From this day forward, the dish became famous throughout France and according to some historians, it really gained in popularity once Maxim's of Paris secured the recipe and placed it on their menu! It is said, Maxim's sent a chef-spy to the Tatin sisters' hotel, disguised as a gardener, to learn the secret of this divine concoction.
Most Tarte Tatin recipes call for butter, apples, sugar and one sheet of frozen puff pastry, but I prefer to use pie crust instead and to add a touch of spice, usually cinnamon and cardamom. It's just a matter of preference and making a pie crust adds time to the preparation, where using the puff pastry makes this dish even easier to prepare.

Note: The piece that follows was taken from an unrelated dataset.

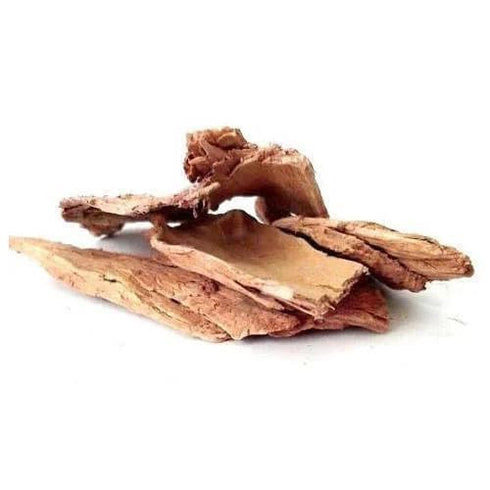 NatureVit Arjun ki Chaal Dried Arjuna Bark for Heart Health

Plan on about 45-55 minutes to caramelize the apples on the stove top, and roughly 20-25 minutes for the final baking of the tart with the crust. The long caramelizing process allows the apples to become permeated with the caramelized sugar flavor.
The recipe I found called for Golden Delicious apples, but my friend tipped me off to a new variety of apple that has emerged on the market recently. The Honeycrisp apple is amazing - tart and sweet at the same time and very, very crunchy. I found it to hold up very well to the cooking and baking, too. Honeycrisp apple trees were derived from a cross of Macoun and Honeygold at the University of Minnesota apple breeding program in 1960. The University was looking to develop winter hardy cultivars with high fruit quality. In 1991, the plant was released for commercial propagation and is now available globally.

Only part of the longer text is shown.